_WORK REQUIRED_
Each line of the data below between the one containing "Persian white cat for sale" and the one containing "Nurantik Wunsiedel Bavaria", both included, is to be repeated exactly. Please omit pictures.

_SOURCE MATERIAL_
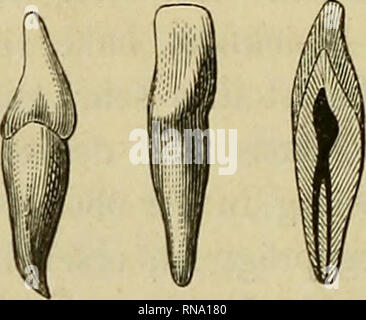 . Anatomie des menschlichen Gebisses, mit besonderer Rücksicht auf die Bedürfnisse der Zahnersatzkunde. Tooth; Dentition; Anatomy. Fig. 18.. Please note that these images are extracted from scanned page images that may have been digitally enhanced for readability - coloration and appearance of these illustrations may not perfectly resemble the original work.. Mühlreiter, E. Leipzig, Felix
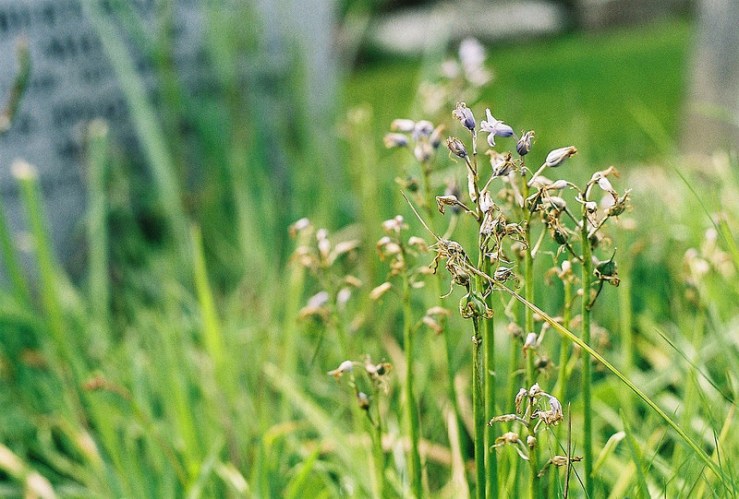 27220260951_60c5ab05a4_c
--
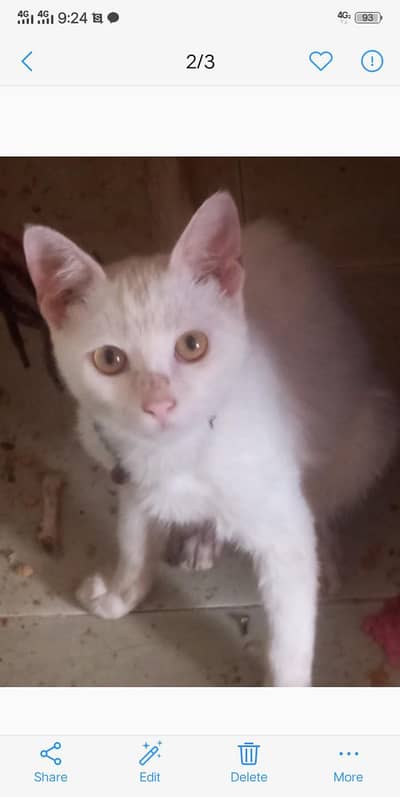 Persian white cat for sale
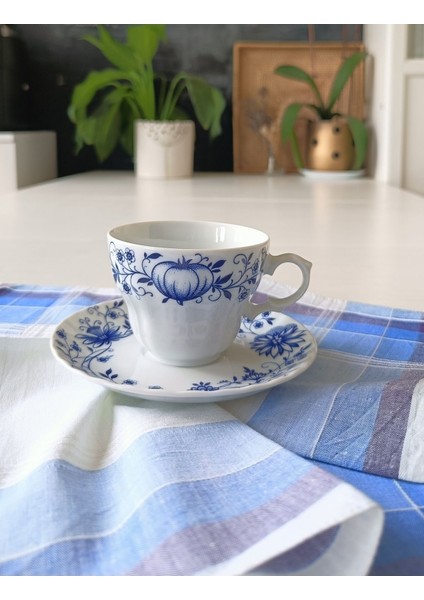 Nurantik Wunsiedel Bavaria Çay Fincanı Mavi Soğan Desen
...
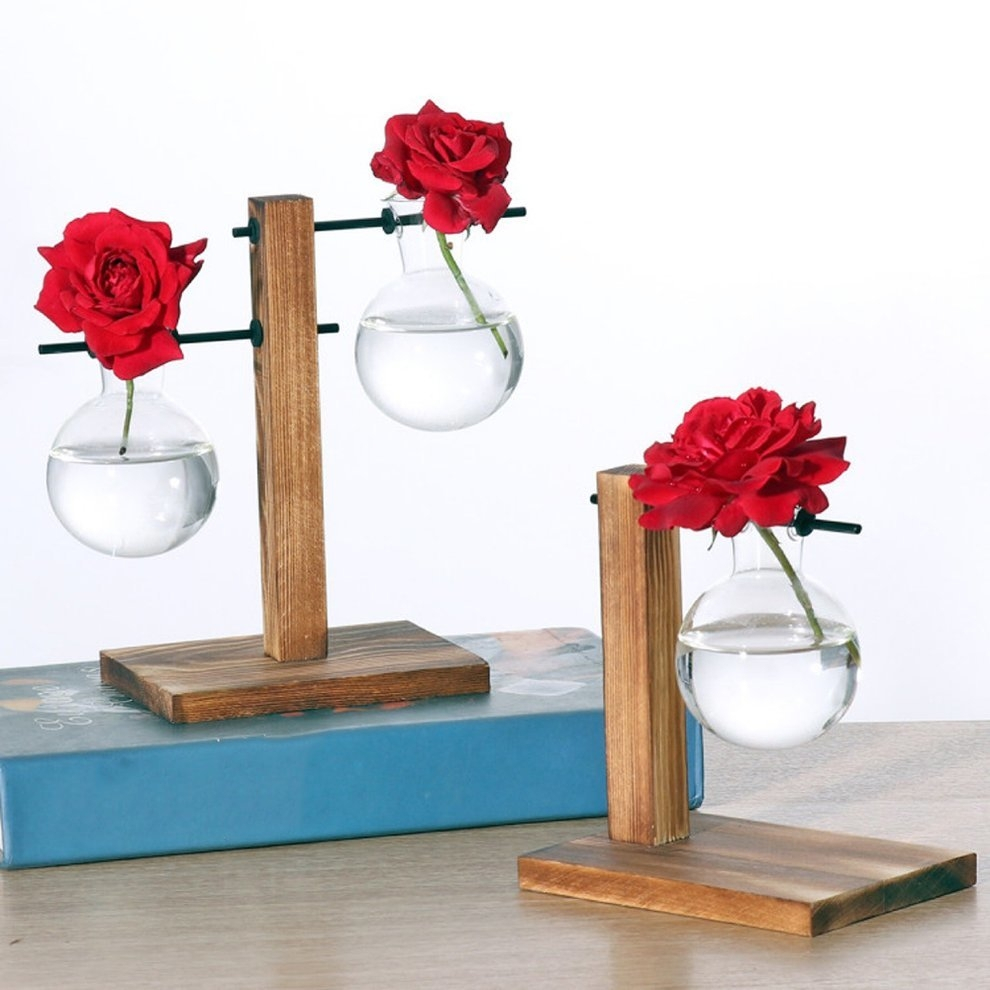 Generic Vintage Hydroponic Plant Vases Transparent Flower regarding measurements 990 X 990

_EXERCISE RESPONSE_
 Persian white cat for sale
 Nurantik Wunsiedel Bavaria Çay Fincanı Mavi Soğan Desen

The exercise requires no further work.